Diena by Alexandre Silberman

In case you were wondering, this is the shot that the judges chose as the first prize winner, feeling that it ‘encompassed a compelling blend of the traditional and the contemporary’ and evoked ‘art historical depictions of a Madonna ‘ whilst the ‘monochrome palette lends a timeless quality to the work with contemporary details bringing the portrait firmly into the present.’

If you want to know what the runners were, well, you’ll just have to visit the exhibition to find out!
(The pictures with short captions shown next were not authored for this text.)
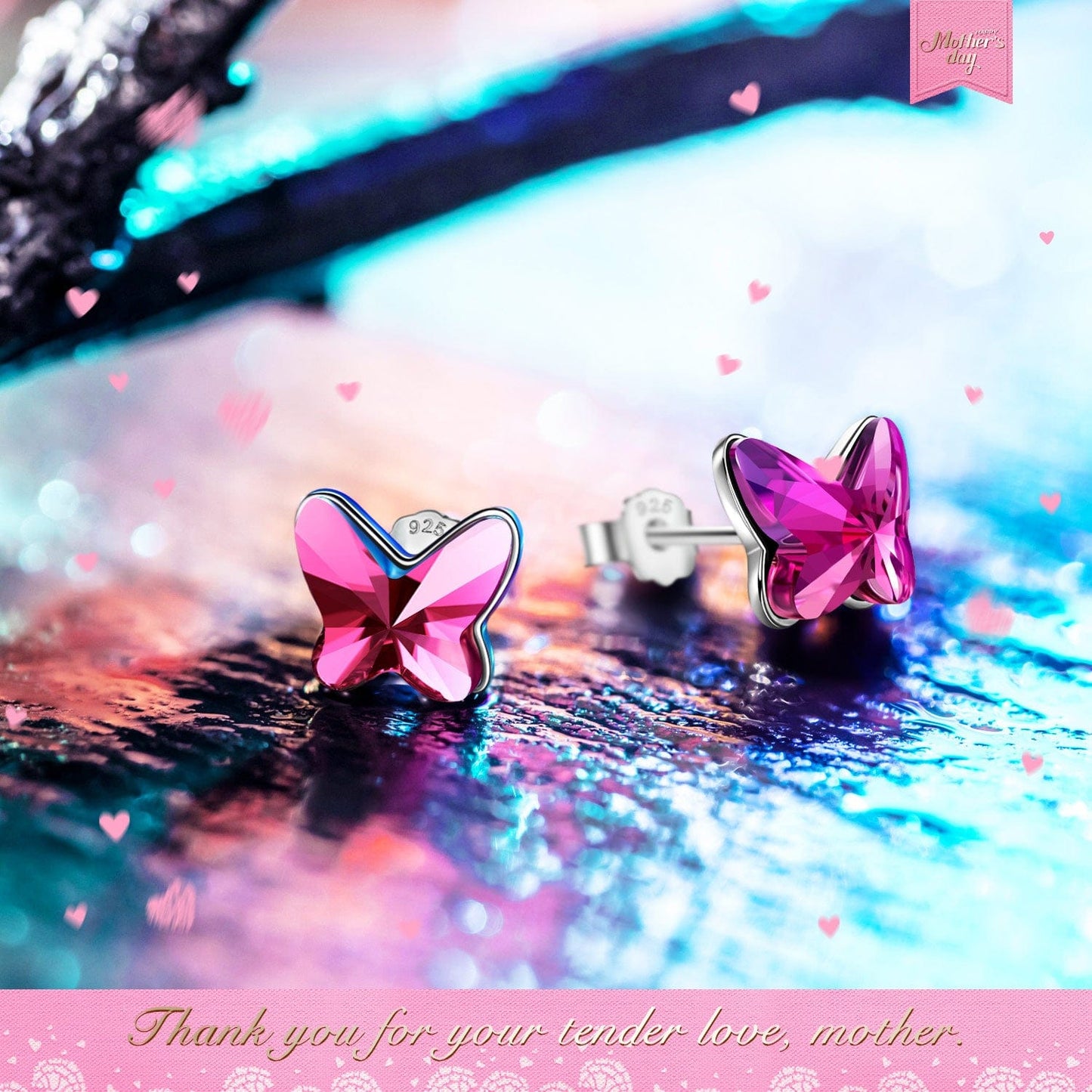 Christmas Exclusive: Spend Over $100 In A Single Purchase To Get This Sterling Silver Purple Butterfly Earrings In White Gold Plated For FREE - (Ships With Order, No Need To Add To Cart)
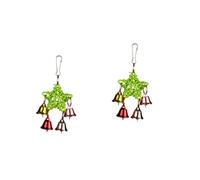 Toddmomy 2 Pcs Budgie Toy Bird Decorations Star-shaped Wind Chime Pendant Cage Accessory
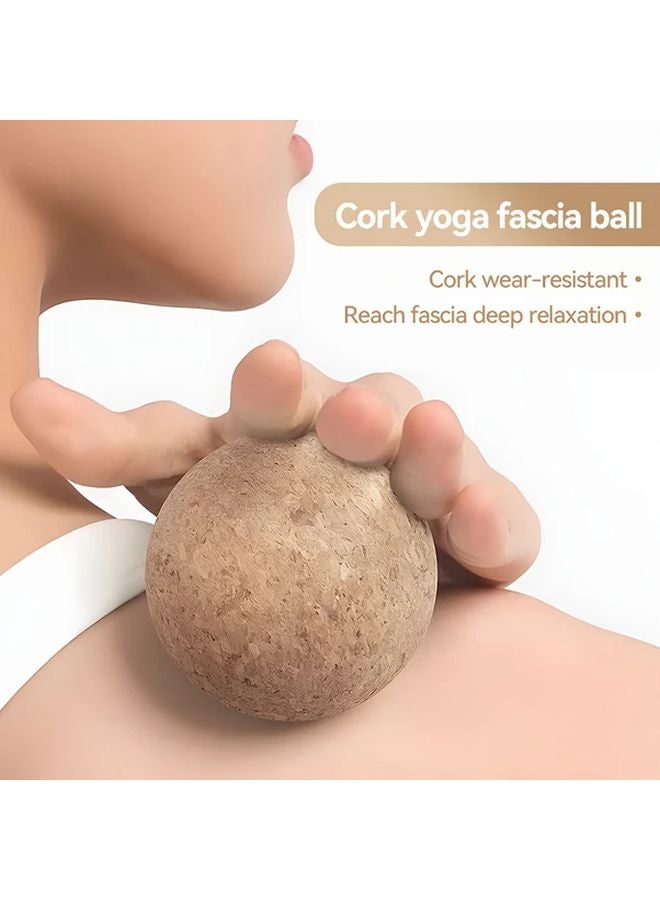 6 1cm Cork Massage Ball for Muscle Relaxation Trigger Point Release Fascia Deep Tissue Massager - Image 1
And you can find out the opening hours and ticket prices to do that HERE

Whilst you’re in the gallery, don’t miss out on the chance to explore the rest of their fabulously wide-ranging collection, which includes a group of recent portraits in an area just beyond the reception desk including this arresting one of King Charles

and quite a few other famous faces you might recognise

I was delighted to find the gallery buzzingly busy on a Thursday afternoon, with everyone from mothers pushing their young children in buggies, to teenagers, to, of course lots of tourists, to disabled people in wheelchairs, all absorbed in the people from every century and background presented in the portraits and the stories behind them all.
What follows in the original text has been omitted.